The NFL is permitted to scoop $1,000 million from the loot waterfall into its big safari hat before even thinking of sharing any with the players. It adopted the initial bargaining stance of wanting to make that $2,000 million, but lowered that demand just before talks broke off at midnight Friday. The NFL also offered to establish a special "rookie wage scale," which would affect 19-year-olds drafted as college freshmen who have never seen a big wad of money outside a cocaine deal. The cash would fund "payments to veterans and retired players," but surprisingly, the prospect of taking advantage of newbies bought no one off.

The handwriting was on the wall a week earlier, when the sides agreed to a seven-day extension of the contract--then left for the weekend, pissing away the first two days. The extended talks broke down when the union wanted to see the owners' audited books and the owners said they felt hurt at the players' lack of trust.

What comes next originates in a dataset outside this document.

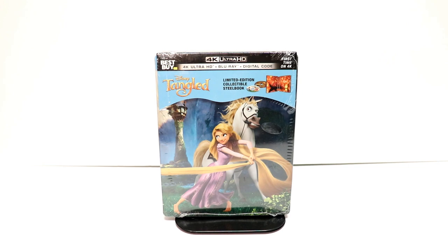Hey, Tony here. Today I'm going to do an unboxing of the Best Buy Exclusive Steelbook for Tangled, so stay tuned.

These negotiating gambits, like most medical tests performed in the United States, are done either to stay out of court or to contrive a way to get your adversary into court. The NFL is immune from certain lawsuits provided that its talent has a labor union. Consequently, fifteen minutes after the sides left the negotiating table for good, union lawyer Jim Quinn lined up the business agents of the NFLPA and killed them all, with a single bullet to the head of each, before taking his own life. Immediately thereafter, New England quarterback Tom Brady and his Indianapolis counterpart Peyton Manning filed suit against the league, claiming pain and suffering based on annual salaries of around $15 million. The plaintiffs claim that, in free-market capitalism, marquee quarterbacks would be free to sell their services to the highest bidder every Sunday morning, just before that week's NFL game. Since they cannot, the legal team says the NFL is guilty of "restraint of trade" under the Sherman Anti-Trust Act.

The NFL then invoked its right under the expiring Collective Bargaining Agreement to nullify all player contracts. New York Giants owner John Mara, for his part, said, "Oh yeah? Well, take that!" When the first player arrived at an NFL facility for "off-season conditioning"--which means to soak for an hour in the team whirlpool and try to track down that shapely massage therapist--he was denied entry and the conflict became not a "strike" but a "lock-out."

NFL fans thus will not have to give up anything for Lent: Not off-season drama, theatrics, charges, counter-charges, and the incessant claims that the problem is that everyone makes too much money.